字幕列表 影片播放
♪ (music) ♪
Hi, and welcome to episode three of Zero to Hero with TensorFlow.
In the previous episode, you saw how to do basic computer vision
using a deep neural network
that matched the pixels of an image to a label.
So an image like this
was matched to a numeric label that represented it like this.
But there was a limitation to that.
The image you were looking at had to have the subject centered in it
and it had to be the only thing in the image.
So the code you wrote would work for that shoe,
but what about these?
It wouldn't be able to identify all of them
because it's not trained to do so.
For that we have to use something called a convolutional neural network,
which works a little differently than what you've just seen.

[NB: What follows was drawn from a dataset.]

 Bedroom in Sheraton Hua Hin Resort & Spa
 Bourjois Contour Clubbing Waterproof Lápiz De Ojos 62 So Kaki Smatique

The idea behind a convolutional neural network
is that you filter the images before training the deep neural network.
After filtering the images,
features within the images could then come to the forefront
and you would then spot those features to identify something.
A filter is simply a set of multipliers.
So, for example, in this case, if you're looking at a particular pixel
that has the value 192,
and the filter is the values in the red box,
then you multiply 192 by 4.5,
and each of its neighbors by the respective filter value.
So it's neighbor above and to the left is zero,
so you multiply that by -1.
Its upper neighbor is 64, so you multiply that by zero and so on.
Sum up the result, and you get the new value for the pixel.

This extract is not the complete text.